▶ TASK TO CARRY OUT: Print the data once more, exactly as given. Drop the pictures.

▶ DATA BELOW:
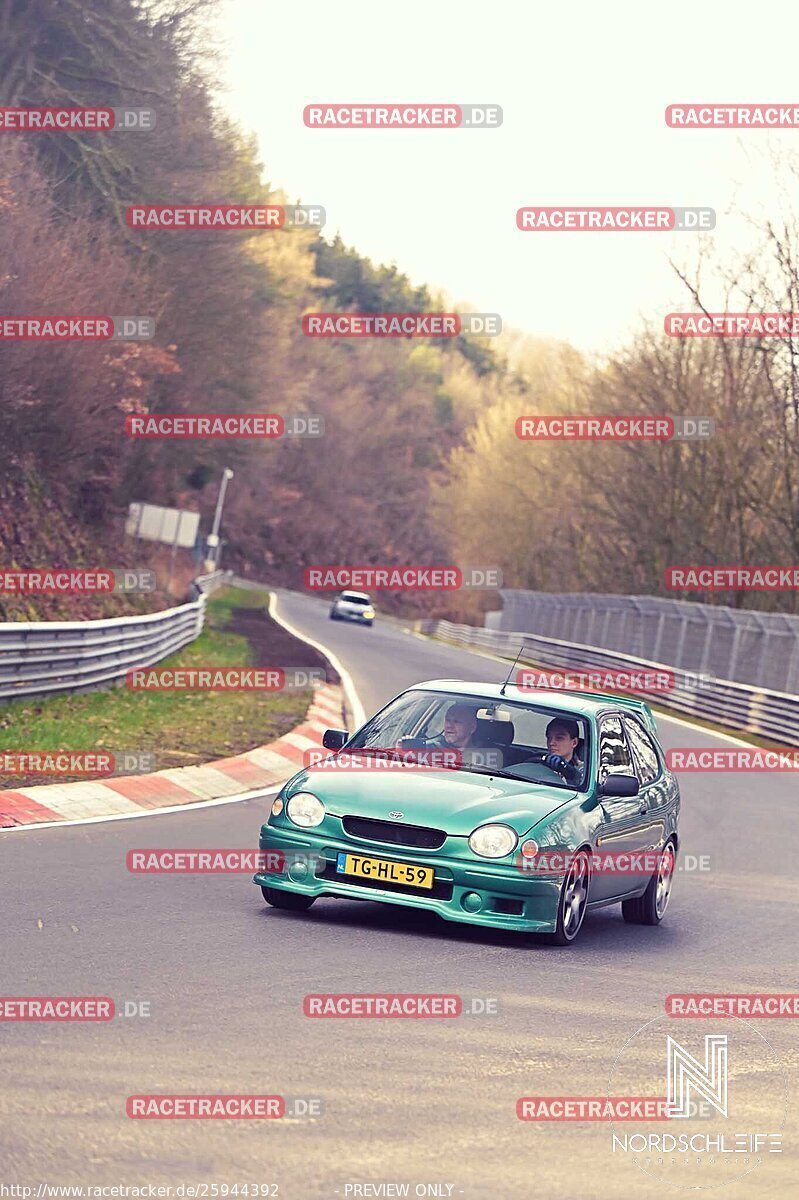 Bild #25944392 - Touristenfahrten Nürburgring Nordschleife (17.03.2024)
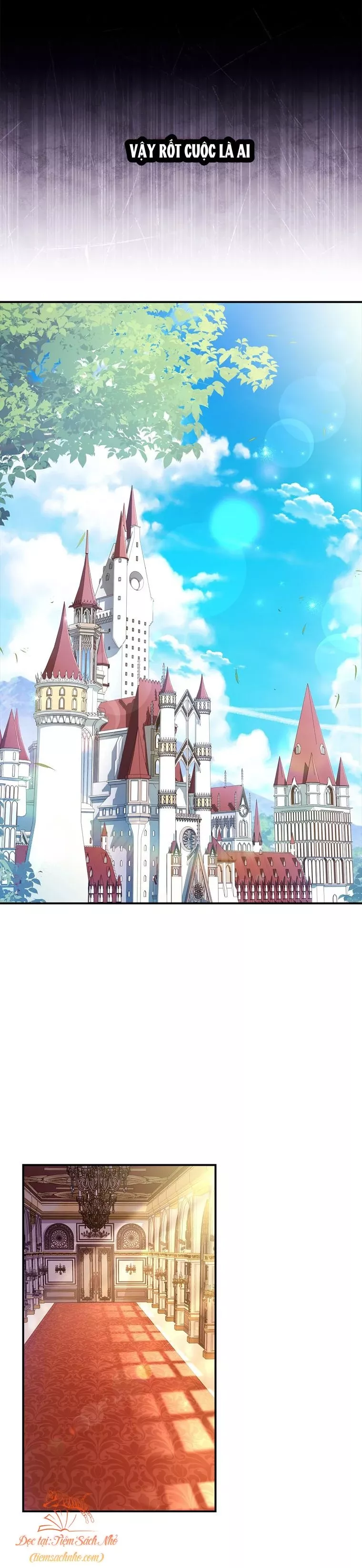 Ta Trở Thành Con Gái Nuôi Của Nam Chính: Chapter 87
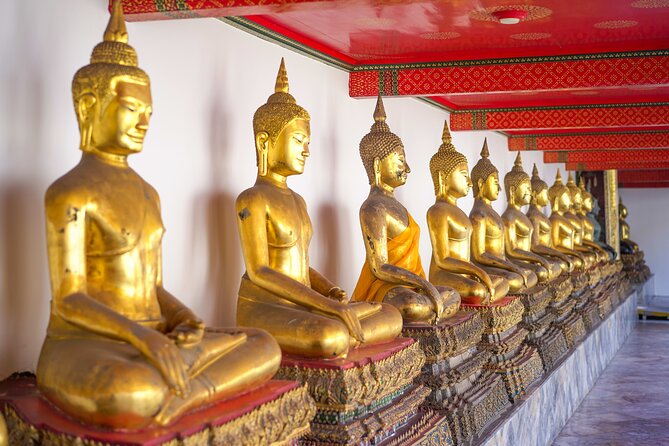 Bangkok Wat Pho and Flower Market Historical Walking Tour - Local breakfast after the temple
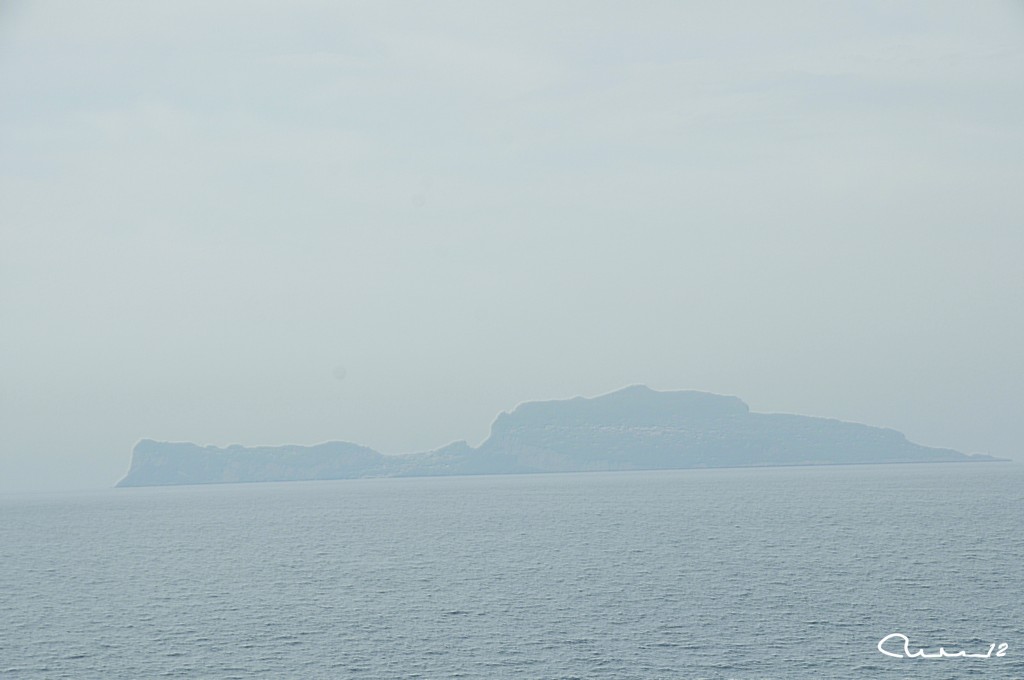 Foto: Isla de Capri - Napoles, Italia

▶ ANSWER TO THE EXERCISE:
 Bild #25944392 - Touristenfahrten Nürburgring Nordschleife (17.03.2024)
 Ta Trở Thành Con Gái Nuôi Của Nam Chính: Chapter 87
 Bangkok Wat Pho and Flower Market Historical Walking Tour - Local breakfast after the temple
 Foto: Isla de Capri - Napoles, Italia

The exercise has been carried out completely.